- [Your goal] Beginning with the first line of the entries below, quote each line until you reach and include the line with "Anomalina cubana Cushman & Bermúdez, 1948".

Data to process Start Marker

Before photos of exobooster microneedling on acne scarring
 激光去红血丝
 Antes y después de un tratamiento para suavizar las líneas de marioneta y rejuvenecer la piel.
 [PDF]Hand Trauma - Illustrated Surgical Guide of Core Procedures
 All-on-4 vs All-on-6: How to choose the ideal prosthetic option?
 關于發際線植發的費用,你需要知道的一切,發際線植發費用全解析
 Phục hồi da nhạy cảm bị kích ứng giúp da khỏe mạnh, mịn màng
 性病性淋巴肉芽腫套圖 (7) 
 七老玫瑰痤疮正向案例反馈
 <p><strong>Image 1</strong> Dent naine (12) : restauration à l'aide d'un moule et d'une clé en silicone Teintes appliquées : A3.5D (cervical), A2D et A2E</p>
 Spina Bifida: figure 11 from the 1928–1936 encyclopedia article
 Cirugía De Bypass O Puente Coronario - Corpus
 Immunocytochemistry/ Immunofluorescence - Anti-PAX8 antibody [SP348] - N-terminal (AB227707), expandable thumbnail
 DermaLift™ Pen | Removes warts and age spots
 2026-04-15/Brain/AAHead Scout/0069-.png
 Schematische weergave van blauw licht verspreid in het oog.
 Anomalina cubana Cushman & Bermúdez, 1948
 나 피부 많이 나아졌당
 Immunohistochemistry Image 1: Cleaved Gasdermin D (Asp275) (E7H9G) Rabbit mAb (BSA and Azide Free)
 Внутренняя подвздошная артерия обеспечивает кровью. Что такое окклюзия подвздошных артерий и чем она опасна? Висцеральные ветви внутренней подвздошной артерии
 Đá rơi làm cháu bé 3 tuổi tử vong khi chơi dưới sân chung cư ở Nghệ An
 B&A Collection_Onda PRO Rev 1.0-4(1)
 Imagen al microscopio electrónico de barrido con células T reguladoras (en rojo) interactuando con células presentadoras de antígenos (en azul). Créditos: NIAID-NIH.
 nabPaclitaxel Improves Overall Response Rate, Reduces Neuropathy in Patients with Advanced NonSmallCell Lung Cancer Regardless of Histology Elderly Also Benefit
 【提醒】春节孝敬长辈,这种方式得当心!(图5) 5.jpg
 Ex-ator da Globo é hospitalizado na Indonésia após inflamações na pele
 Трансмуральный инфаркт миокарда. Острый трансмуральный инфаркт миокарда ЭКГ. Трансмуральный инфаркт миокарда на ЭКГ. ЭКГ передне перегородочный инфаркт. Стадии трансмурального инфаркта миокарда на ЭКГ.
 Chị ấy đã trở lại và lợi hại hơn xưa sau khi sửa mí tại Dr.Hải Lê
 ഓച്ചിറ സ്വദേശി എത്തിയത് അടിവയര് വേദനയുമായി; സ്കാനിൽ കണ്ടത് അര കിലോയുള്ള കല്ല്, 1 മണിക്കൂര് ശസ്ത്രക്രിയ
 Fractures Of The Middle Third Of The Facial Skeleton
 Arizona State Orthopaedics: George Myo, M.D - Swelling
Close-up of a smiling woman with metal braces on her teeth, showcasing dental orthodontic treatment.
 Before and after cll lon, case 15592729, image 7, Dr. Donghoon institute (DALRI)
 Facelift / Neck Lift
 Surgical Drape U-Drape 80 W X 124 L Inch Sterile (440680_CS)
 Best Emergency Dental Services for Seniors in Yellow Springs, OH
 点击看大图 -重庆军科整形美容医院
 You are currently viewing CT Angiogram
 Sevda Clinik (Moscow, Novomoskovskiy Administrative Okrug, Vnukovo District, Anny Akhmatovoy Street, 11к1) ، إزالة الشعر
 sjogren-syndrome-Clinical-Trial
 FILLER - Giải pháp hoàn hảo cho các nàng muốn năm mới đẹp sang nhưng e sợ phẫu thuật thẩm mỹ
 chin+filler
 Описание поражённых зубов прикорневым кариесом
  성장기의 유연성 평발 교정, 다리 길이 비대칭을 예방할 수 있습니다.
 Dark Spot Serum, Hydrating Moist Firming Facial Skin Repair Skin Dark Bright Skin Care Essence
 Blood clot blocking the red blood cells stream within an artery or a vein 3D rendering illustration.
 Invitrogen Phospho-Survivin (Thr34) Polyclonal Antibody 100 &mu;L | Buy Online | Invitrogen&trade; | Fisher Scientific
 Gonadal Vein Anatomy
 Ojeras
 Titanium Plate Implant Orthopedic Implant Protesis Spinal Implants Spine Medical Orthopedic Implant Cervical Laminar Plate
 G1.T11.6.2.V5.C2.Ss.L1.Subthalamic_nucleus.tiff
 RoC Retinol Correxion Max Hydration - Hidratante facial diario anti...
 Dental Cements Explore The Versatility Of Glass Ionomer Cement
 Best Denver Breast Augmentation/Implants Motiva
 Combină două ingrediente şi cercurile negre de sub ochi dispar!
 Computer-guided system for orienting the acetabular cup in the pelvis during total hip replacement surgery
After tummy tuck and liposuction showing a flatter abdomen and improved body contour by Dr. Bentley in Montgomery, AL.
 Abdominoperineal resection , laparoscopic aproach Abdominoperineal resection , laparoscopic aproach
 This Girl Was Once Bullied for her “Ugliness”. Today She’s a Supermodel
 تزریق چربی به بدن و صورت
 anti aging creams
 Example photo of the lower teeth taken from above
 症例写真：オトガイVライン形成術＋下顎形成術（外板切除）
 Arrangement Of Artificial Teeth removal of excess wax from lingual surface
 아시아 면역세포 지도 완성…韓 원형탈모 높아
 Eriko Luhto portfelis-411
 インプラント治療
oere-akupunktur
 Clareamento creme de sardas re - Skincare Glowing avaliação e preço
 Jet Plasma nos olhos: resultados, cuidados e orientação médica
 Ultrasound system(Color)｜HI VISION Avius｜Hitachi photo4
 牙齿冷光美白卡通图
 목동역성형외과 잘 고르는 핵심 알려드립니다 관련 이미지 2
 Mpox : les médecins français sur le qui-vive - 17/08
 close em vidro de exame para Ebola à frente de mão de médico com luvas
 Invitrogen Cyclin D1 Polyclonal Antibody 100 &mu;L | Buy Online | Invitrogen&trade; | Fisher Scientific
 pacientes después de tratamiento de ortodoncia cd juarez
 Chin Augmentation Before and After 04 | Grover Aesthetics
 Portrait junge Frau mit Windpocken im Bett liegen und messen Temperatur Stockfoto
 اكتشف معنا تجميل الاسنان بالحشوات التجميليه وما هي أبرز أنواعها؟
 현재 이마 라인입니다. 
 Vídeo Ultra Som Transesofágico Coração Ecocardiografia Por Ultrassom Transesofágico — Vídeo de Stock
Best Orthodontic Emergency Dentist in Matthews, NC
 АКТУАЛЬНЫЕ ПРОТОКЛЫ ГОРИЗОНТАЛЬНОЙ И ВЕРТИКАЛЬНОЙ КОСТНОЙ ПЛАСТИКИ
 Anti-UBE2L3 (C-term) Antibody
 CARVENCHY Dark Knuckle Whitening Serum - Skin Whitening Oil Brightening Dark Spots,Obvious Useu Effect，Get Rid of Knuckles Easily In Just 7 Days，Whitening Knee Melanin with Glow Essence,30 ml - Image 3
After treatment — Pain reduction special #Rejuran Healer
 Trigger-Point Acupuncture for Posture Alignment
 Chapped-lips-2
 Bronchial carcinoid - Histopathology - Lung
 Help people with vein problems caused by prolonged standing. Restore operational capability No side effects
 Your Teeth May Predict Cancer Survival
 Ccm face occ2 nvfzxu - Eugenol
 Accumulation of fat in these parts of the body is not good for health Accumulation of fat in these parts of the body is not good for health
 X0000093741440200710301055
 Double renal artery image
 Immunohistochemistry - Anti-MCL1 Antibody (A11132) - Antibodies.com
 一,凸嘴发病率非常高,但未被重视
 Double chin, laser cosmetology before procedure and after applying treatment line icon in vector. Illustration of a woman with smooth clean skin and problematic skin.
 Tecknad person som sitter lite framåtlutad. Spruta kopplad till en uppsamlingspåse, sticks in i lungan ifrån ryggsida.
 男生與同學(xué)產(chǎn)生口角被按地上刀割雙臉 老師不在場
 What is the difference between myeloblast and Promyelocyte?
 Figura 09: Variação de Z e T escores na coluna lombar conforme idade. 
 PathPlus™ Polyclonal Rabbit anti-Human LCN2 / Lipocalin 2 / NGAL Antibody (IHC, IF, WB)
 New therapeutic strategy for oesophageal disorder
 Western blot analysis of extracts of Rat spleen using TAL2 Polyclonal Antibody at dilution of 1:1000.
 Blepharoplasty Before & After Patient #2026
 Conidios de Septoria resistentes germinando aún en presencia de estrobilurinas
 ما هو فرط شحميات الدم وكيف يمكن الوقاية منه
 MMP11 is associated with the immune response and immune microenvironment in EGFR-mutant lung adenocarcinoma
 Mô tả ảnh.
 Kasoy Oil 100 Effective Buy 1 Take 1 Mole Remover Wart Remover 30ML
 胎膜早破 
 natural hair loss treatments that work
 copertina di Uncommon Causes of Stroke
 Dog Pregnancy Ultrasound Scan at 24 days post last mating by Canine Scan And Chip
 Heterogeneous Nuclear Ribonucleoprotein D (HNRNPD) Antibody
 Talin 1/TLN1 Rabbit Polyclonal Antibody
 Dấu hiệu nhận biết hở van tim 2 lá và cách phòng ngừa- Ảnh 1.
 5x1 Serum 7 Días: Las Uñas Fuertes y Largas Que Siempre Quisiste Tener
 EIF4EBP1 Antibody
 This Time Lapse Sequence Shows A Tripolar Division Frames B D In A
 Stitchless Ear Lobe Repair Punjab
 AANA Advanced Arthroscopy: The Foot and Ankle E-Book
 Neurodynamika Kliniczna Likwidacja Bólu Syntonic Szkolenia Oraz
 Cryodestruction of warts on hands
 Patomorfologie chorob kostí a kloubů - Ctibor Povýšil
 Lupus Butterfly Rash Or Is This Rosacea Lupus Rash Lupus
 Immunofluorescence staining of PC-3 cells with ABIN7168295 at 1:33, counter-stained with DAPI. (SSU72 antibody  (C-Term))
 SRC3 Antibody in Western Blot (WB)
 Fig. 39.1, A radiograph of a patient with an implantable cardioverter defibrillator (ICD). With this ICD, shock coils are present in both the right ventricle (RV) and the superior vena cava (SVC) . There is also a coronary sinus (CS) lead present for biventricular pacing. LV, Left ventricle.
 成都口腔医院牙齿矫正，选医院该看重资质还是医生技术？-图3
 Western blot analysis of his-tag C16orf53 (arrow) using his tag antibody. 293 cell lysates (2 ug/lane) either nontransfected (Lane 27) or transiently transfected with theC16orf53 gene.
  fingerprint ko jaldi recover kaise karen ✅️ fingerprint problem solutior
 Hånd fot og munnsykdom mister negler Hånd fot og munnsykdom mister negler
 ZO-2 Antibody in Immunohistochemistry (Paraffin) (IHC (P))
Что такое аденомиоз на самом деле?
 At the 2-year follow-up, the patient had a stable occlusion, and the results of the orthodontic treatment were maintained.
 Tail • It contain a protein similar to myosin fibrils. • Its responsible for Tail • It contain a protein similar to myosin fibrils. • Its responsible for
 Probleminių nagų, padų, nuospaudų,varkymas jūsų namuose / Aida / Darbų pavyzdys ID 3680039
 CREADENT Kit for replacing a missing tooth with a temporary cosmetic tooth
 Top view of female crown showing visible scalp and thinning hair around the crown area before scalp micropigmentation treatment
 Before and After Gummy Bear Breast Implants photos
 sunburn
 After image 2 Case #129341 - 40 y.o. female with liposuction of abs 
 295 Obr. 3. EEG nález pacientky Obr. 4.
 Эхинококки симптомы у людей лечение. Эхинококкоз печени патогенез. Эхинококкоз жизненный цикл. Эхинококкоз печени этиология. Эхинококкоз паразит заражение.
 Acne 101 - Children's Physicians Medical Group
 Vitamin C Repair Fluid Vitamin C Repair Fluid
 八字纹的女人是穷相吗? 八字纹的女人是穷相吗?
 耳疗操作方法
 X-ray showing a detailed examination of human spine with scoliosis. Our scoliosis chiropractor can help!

Data to process End Marker

- [Solution to this exercise]
Before photos of exobooster microneedling on acne scarring
 激光去红血丝
 Antes y después de un tratamiento para suavizar las líneas de marioneta y rejuvenecer la piel.
 [PDF]Hand Trauma - Illustrated Surgical Guide of Core Procedures
 All-on-4 vs All-on-6: How to choose the ideal prosthetic option?
 關于發際線植發的費用,你需要知道的一切,發際線植發費用全解析
 Phục hồi da nhạy cảm bị kích ứng giúp da khỏe mạnh, mịn màng
 性病性淋巴肉芽腫套圖 (7) 
 七老玫瑰痤疮正向案例反馈
 <p><strong>Image 1</strong> Dent naine (12) : restauration à l'aide d'un moule et d'une clé en silicone Teintes appliquées : A3.5D (cervical), A2D et A2E</p>
 Spina Bifida: figure 11 from the 1928–1936 encyclopedia article
 Cirugía De Bypass O Puente Coronario - Corpus
 Immunocytochemistry/ Immunofluorescence - Anti-PAX8 antibody [SP348] - N-terminal (AB227707), expandable thumbnail
 DermaLift™ Pen | Removes warts and age spots
 2026-04-15/Brain/AAHead Scout/0069-.png
 Schematische weergave van blauw licht verspreid in het oog.
 Anomalina cubana Cushman & Bermúdez, 1948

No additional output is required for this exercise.